Process and Management
Management deals with process. For certain, having managers which are not territorial and can communicate easily is a key. But having effective, well-defined processes is even more so. Good management happens when good processes are defined and followed. The difference between a poor and a great manager is far less when there are good processes and good tools to support them.
Processes may be tailored to time zone differences, but they should generally be "universal" - that is, they should apply across all sites involved in the development. Universal processes make management easier.
Ideally, your process will work equally well for a single site as for distributed development. A good tool will help you to support and enforce your process. If your process is defined by repository data, you should be able to update your process at all sites at the same time through a normal data update transaction, depending on the type of repository solution you have in mind.
Communication and Meetings
Communication across distance is essential - even if its just to put a voice to a name. If you're doing distributed development these days, for sure you will want some video-conferencing capability, even if it's just from your desktop. Putting a face to a name is better than just a voice. It's important to hear someone's tone. But watching someone's reaction is also a huge part of communcation. If you don't believe me, ask your spouse. For this reason, I'm really surprised video phones never caught on - maybe after the VOIP revolution.

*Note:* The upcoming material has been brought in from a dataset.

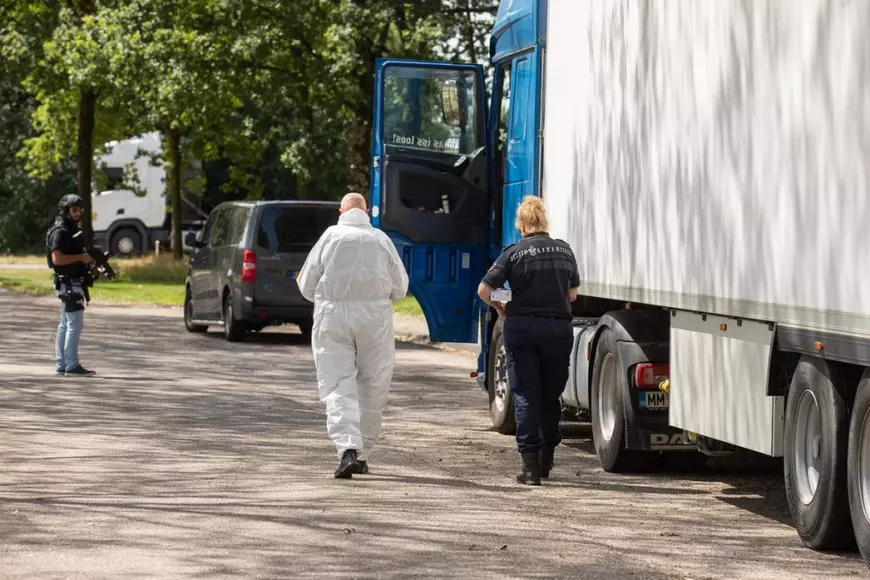 Camion românesc înmatriculat în Maramureș percheziționat de criminaliști și păzit de agenți înarmați până în dinți, într-o parcare din Olanda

Good telecommunications tools are a big help, but your repository and process tools can also help immensely with communication. If all of your data and your processes are defined through your tools, your communications and meetings can focus on non-compliances and variations. Reports and status information is available before the formal communication begins. Watch your tool selection carefully - it should be the hub of your communications. Track meetings, or store the video and/or messenger clips directly in your tool. Being absent from a meeting is a lot worse across distance, so do all you can to let your participants timeshift their participation.
Reviews and Approvals
Reviews and approvals are a special form of communication. Especially where there is a significant time zone shift, your tools must provide help here. To-do lists, electronic approval, document repositories and change-package based code reviews help to ensure that a review can be done as necessary - even without holding a meeting. Written reviews are always recommended - they are more objective, leave an audit trail, and provide a checklist for post review actions. Even better, they work well within a distributed development constraint. When a change-package based delta can be generated from your CM tool, a single change identifier can be used to identify the code review task. Code reviews can be done on-line by anyone at any time.
Good tools should not eliminate oral communication. Some things will always have to be discussed, even if its just to clear up the mis-interpretations read into the tone of a less objective review. Significant issues, or issues that go back and forth a few times, should be resolved through a meeting or tele-conference.
Tools and Data Repository
Tools interact with the data repository (or repositories). Looking at the previous three areas, it is clear that tools play a critical role in distributed development. The key, from my perspective, is ensuring that all sites, and the tools at each site, have access to all of the data, not just a portion. Data, along with good tools, is the key to making good decisions. (OK, good judgement and experience may play a part as well.)
There are three basic models for distributed development when it comes to data.
1. central repository with distributed access, through the web or otherwise
2. distributed repository with appropriate pieces at appropriate sites
3. replicated repository with local access to the local site.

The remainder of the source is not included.